2. Regulasi Hukum Oleh Pemerintah
Untuk mengatur dampak negatif dari penggunaan media sosial sebagai wadah berdemokrasi, diperlukan seperangkat peraturan agar demokrasi di media sosial berjalan sehat. Saat ini, terdapat peraturan yang berfungsi untuk mengatur aktivitas dunia maya, termasuk media sosial, transaksi elektronik, dan konten digital, peraturan tersebut adalah UU ITE. UU ITE merupakan peraturan yang tepat dalam menangani semua permasalahan media sosial, di mana, peraturan ini menangani penyebaran informasi hoax kejahatan siber, serta tindak pidana ujaran kebencian. Namun, peraturan ini mengalami beberapa kelemahan, dimana, terdapat pasal karet yang berpotensi disalahgunakan. Untuk itu, diperlukan beberapa perbaikan atau revisi pasal agar peraturan ini menjadi lebih tepat sasaran dan efektif untuk menangani dampak negatif dari media sosial.

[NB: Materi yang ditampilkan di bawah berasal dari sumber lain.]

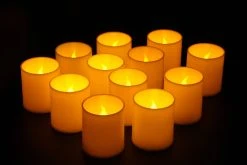Brand new 🌟 12 Packs: 12 ct. (144 total) Basic Elements™ White LED Votives by Ashland® 💯 -Ashlandty Shop MP519784 2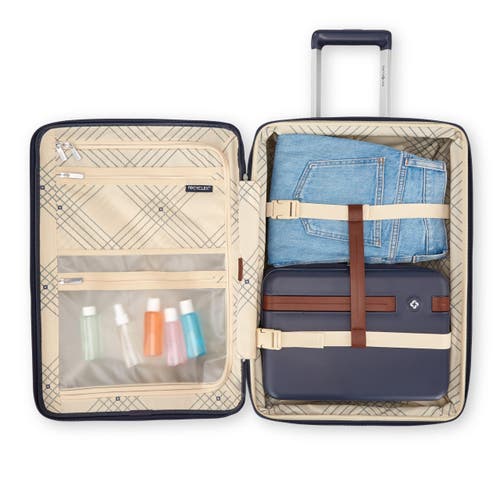 Samsonite Virtuosa Carry-on 21-inch Hardside Expandable Luggage With Spinner Wheels In Blue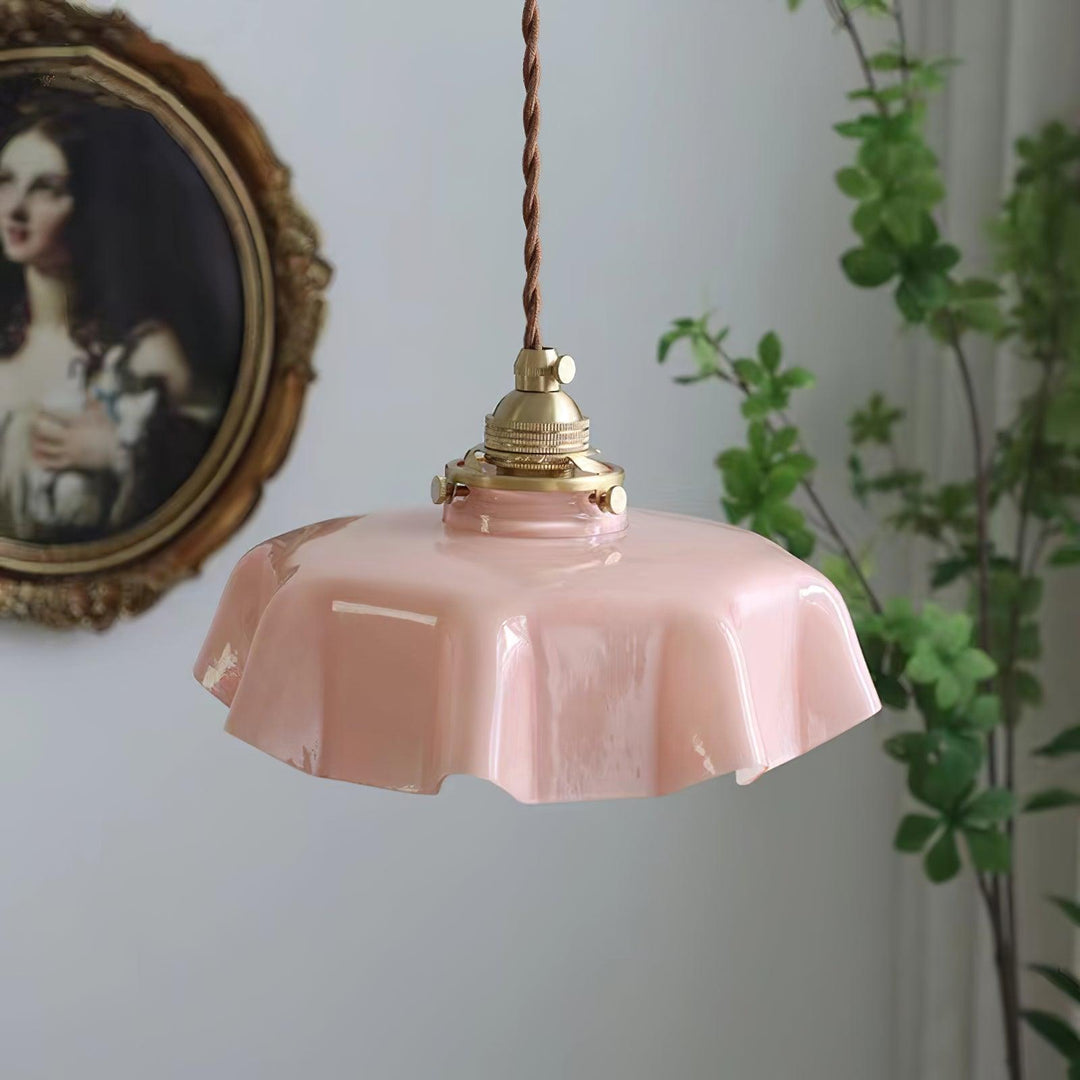 French Flower Droplight Pendant Swag Light | Noxord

3. Pengimplementasian Sistem Cek Fakta Oleh Platform
Berbagai platform media sosial yang menjadi tempat berdiskusi dan bertukar pikiran masyarakat dapat menyediakan sistem fact-checkers dan labeling. Hal ini berguna untuk mengurangi penyebaran hoax yang mempengaruhi opini publik. Jika perlu, platform tersebut dapat melakukan penyaringan secara langsung dengan langsung menghapus berbagai informasi yang salah.